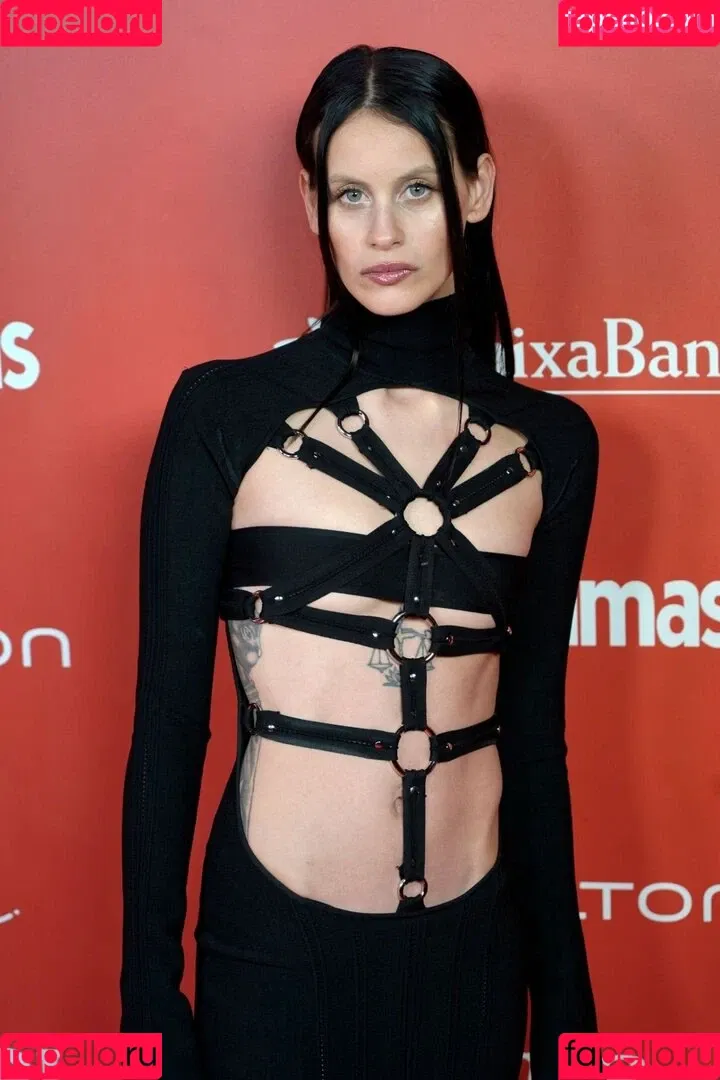Milena Smit Onlyfans Photo Gallery 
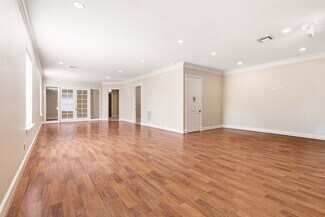 Plus de détails pour 11623 Spring Cypress Rd, Tomball, TX - Bureau à vendre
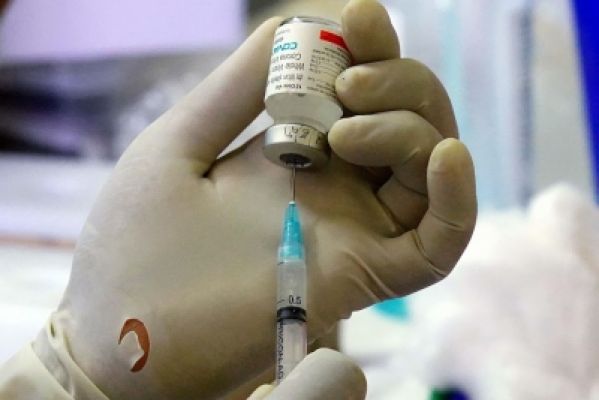 यूपी के सरकारी अस्पतालों में टीके खत्म, बूस्टर के लिए बढ़ी भीड़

------------------------------------------------------------

§ **EXERCISE BRIEF**:
An exact copy of the data is required, with the pictures excluded.

§ **ANSWER TO THIS TASK**:
Milena Smit Onlyfans Photo Gallery 
 Plus de détails pour 11623 Spring Cypress Rd, Tomball, TX - Bureau à vendre
 यूपी के सरकारी अस्पतालों में टीके खत्म, बूस्टर के लिए बढ़ी भीड़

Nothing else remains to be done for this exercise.